[AR] Re: magnetic apogee sensor

  • From: Paul Mueller <paul.mueller.iii@xxxxxxxxx>
  • To: arocket@xxxxxxxxxxxxx
  • Date: Wed, 22 Jul 2015 16:44:07 -0600

A mechanical sensor can detect apogee by detecting the near-zero g
condition there. In a nominal rocket flight, you start at +1 g on the pad,
+multiple gs during burn, then a rapid switch to multiple negative gs at
burnout ("the train wreck"), and then those negative gs bleed down as you
approach apogee and velocity (and drag) drop to near zero. Dan Pollino's
mechanical apogee sensor (described in his books on PVC rockets) used an
ingenious (IMHO) method to do this.

A tilt sensor is a harder problem and I'm glad to see a commercial
magnetometer-based sensor is now available again. I'll be buying a few to
play with.

Seems like it should be theoretically easy to have a gimbaled vertical gyro
in your rocket, "cage" it before launch to prevent drift, then release the
caging at liftoff and monitor its position relative to the rocket body (the
gyro should maintain its original orientation in inertial space). I haven't
tried to build such a thing, and was trying to see if there are any
MEMS-type gyros but they all seem to be rate gyros--they give you an
angular rate output instead of an angle measurement. Any ideas?

Can we borrow anything from quadcopters? Do they have full IMUs or
something simpler to maintain level?

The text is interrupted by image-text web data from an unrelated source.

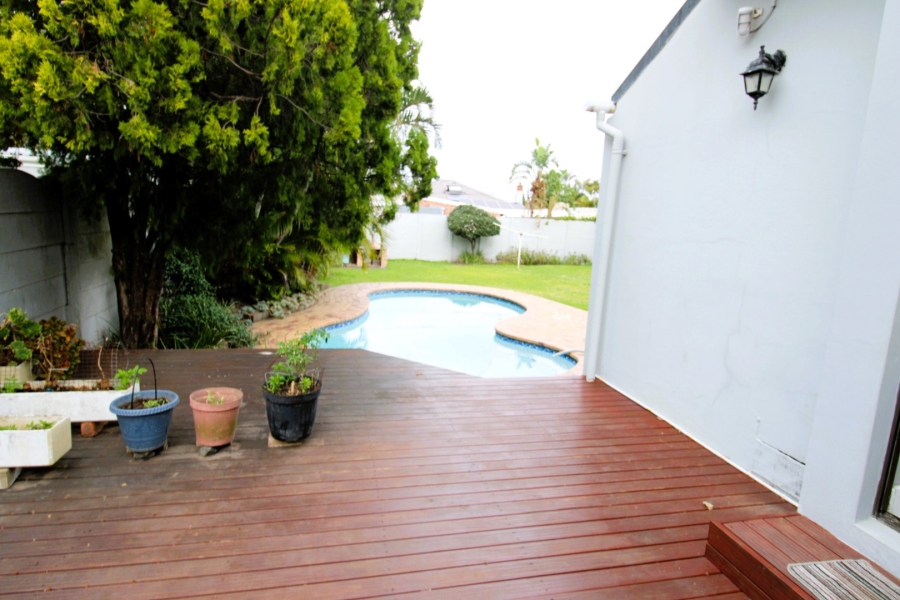 4 Bedroom Property for Sale in Berea Eastern Cape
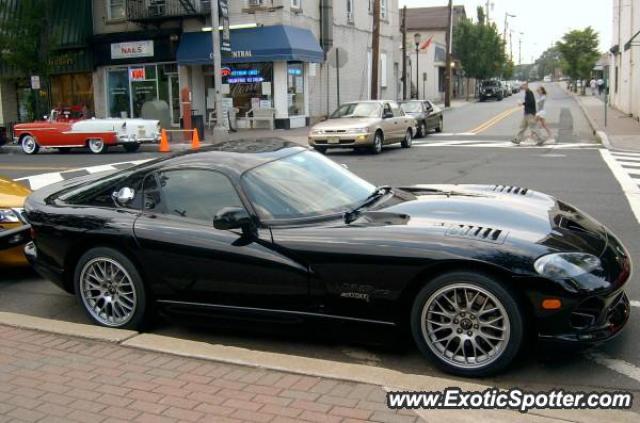 Dodge Viper spotted in Somerville, New Jersey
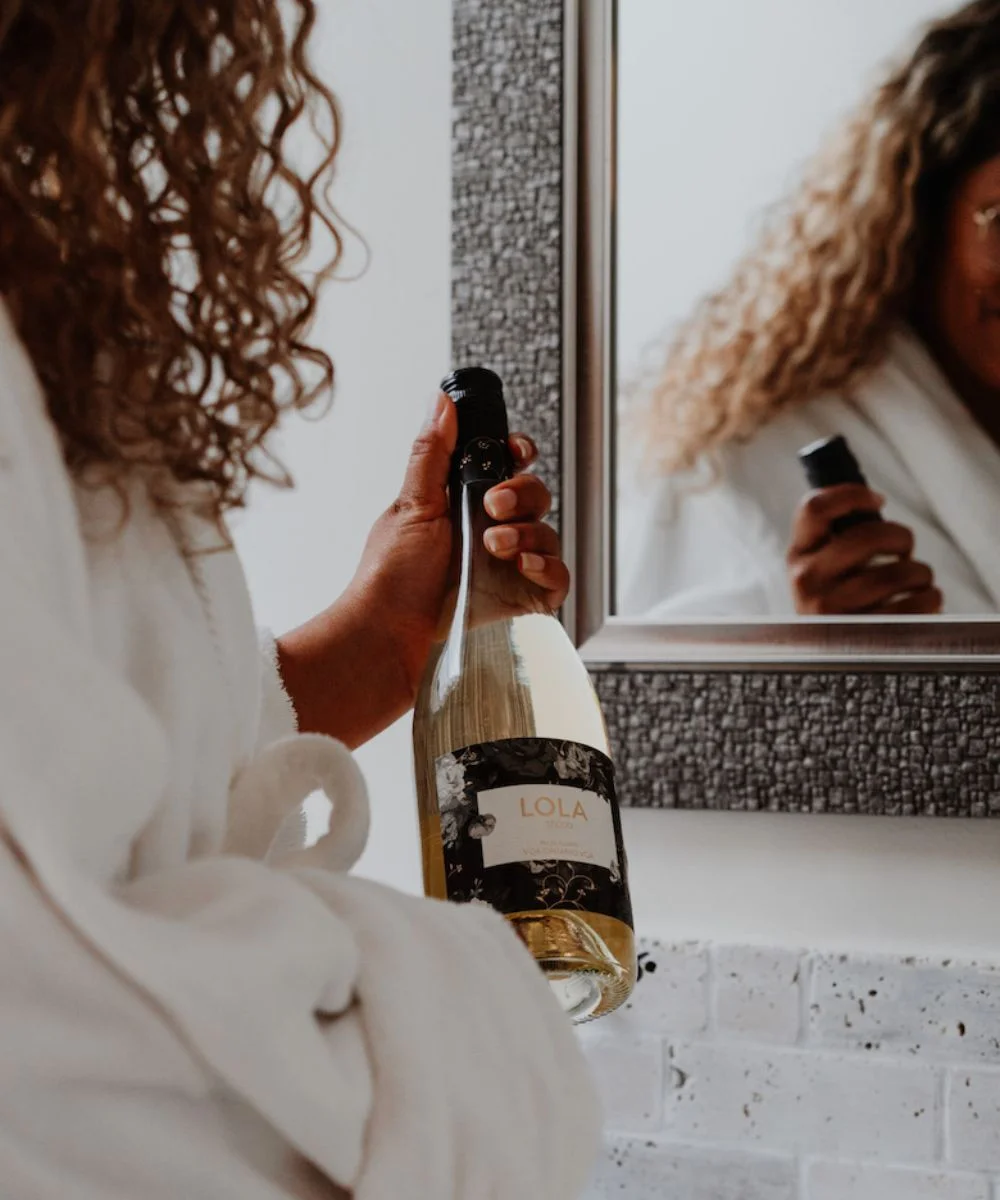 LOLA Secco with Self Care and mirror shot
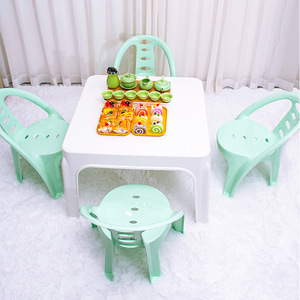 Table carrée en plastique pour enfants avec chaises, ensemble de meubles durables pour salle de jeux intérieure - Product Image 3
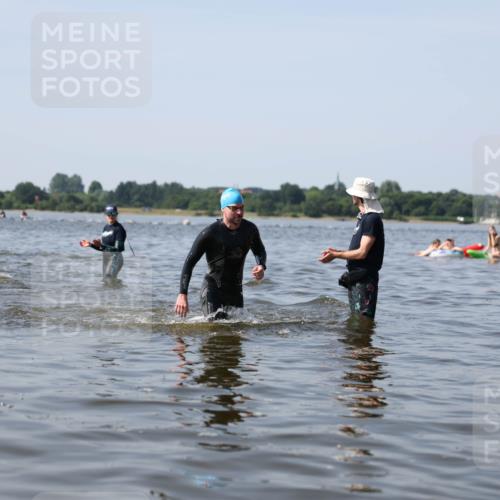 22.06.2025 - Viking Triathlon Michael Strokosch http://msf.ph/oto/8062405 22.06.2025 10:28:39 Schwimmen 258, 301, 368 meine-sportfotos.de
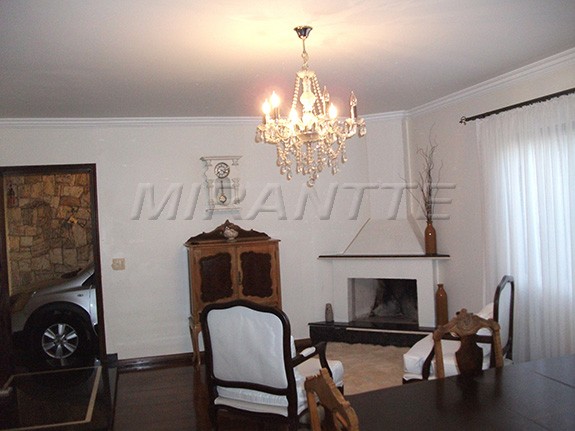 Sobrado de 240m² com 3 quartos em Vila Bianca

Or is it gravity-based and not
applicable to rockets?

On Wed, Jul 22, 2015 at 10:31 AM, Redacted sender JMKrell@xxxxxxx for DMARC
<dmarc-noreply@xxxxxxxxxxxxx> wrote:

The caged ball tilt sensor does have some limitations that we have seen
in the past.

1. High roll rates during motor burn.
2. Vertical flights with backslider stall.
3. <60 degree arc trajectories.

These conditions reduce the reliability of the sensor. Multiple balls have
been used to improve reliability, but this increases the burn out roll rate
issue.

Secondary cage and release systems have been suggested to
improve reliability. I have no data on these actually being tested.
Increased mechanical complexity should reduce the overall reliability. I've
not seen a solution to the high roll rate issue with a mechanical sensor.

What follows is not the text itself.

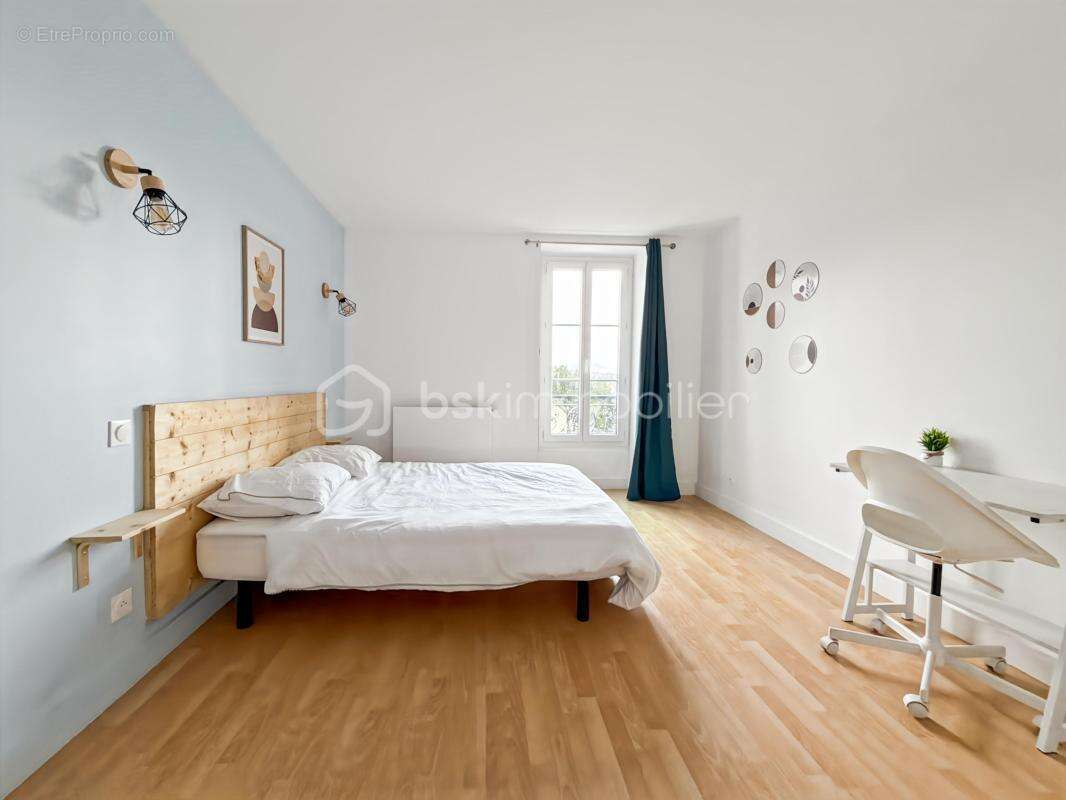 Appartement PRESTIGE F4/F5 Rive droite 113 m2  - 4 chambres - cave et parkings - photo 9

A single integrated accelerometer also has limitations. The best solution
is an IMU for apogee detection, but combinations of accelerometer/barometer
or accelerometer/gyro have a higher reliability than any single sensor. I
use an accelerometer/barometer combination.

Krell


In a message dated 7/22/2015 2:18:18 A.M. Pacific Daylight Time,
johndom@xxxxxxxxx writes:

R. Dickinson wrote on 220715

Rick_the fact is, the metal ball switch concept as an apogee detector
appeared interesting when I saw it flight tested & deploying a chute on
YouTube. It is not like the mercury switch which has its contacts in the
top of a tube and like you say fires at burnout when the metal blob goes up
and hits them. It is a little more complicated. Mercury switches have been
used for second stage ignition, not for apogee detection in rudimentary
rocketry.

The ball contacts are not at the end of the tube cage like in the mercury
switch but at the end of V-shaped ball collector gaps perpendicular to the
tube, typically 4 gaps. In which the ball is supposed to roll over at the
moment the rocket tilts or tumbles at apogee. It is a tilt detector.
I intend to verify the tilt option and also test some modern complicated
IC SMD prints which may have drawbacks as well I suppose. I'll let you know.

JD

-----Original Message-----
From: arocket-bounce@xxxxxxxxxxxxx [mailto:arocket-bounce@xxxxxxxxxxxxx]
On Behalf Of Rick Dickinson
Sent: woensdag 22 juli 2015 4:45
To: arocket@xxxxxxxxxxxxx
Subject: [AR] Re: magnetic apogee sensor

John,

Do NOT use any sort of purely mechanical tilt sensor. They WILL NOT and
CAN NOT work, due to basic physics.
The rocket is in free fall, modified by the forces acting upon it. First
force is the thrust of the motor. Second force is drag, which is in the
opposite direction of the thrust. Gravity is already taken into account by
it being in free fall. At burnout, the thrust drops off, and is exceeded by
the force of drag, causing anything not strapped down to float forward.
Your mechanical contraption can sense burnout, but not apogee.
If the rocket flies a ballistic trajectory, and the fins do their job,
keeping the rocket facing in the direction of travel, there is no sideways
force acting on the ball (or at least none that isn't swamped my minor wind
buffeting during flight), so you can't use sideways motion of the ball (or
pendulum, or whatever) to detect apogee.
An accelerometer-based deployment device uses numerical integration of
acceleration values to determine velocity, and goes when calculated
velocity drops to zero.
Any mechanical pendulum or ball and cage or similar device can only detect
instantaneous acceleration. It can't integrate over time to determine when
velocity has dropped to zero.
It will fire at burnout, not at apogee.

Cheers,

Rick Dickinson

On July 18, 2015 10:11:02 AM PDT, John Dom <johndom@xxxxxxxxx> wrote:

So far the only cheap real time apogee actuators I came across are
ingenious metal ball or micro ball tilt sensors. No µprocessor fuss
required. If they are reliable I still have to find out next month or
so.

jd

--
Sent from my Android device with K-9 Mail. Please excuse my brevity.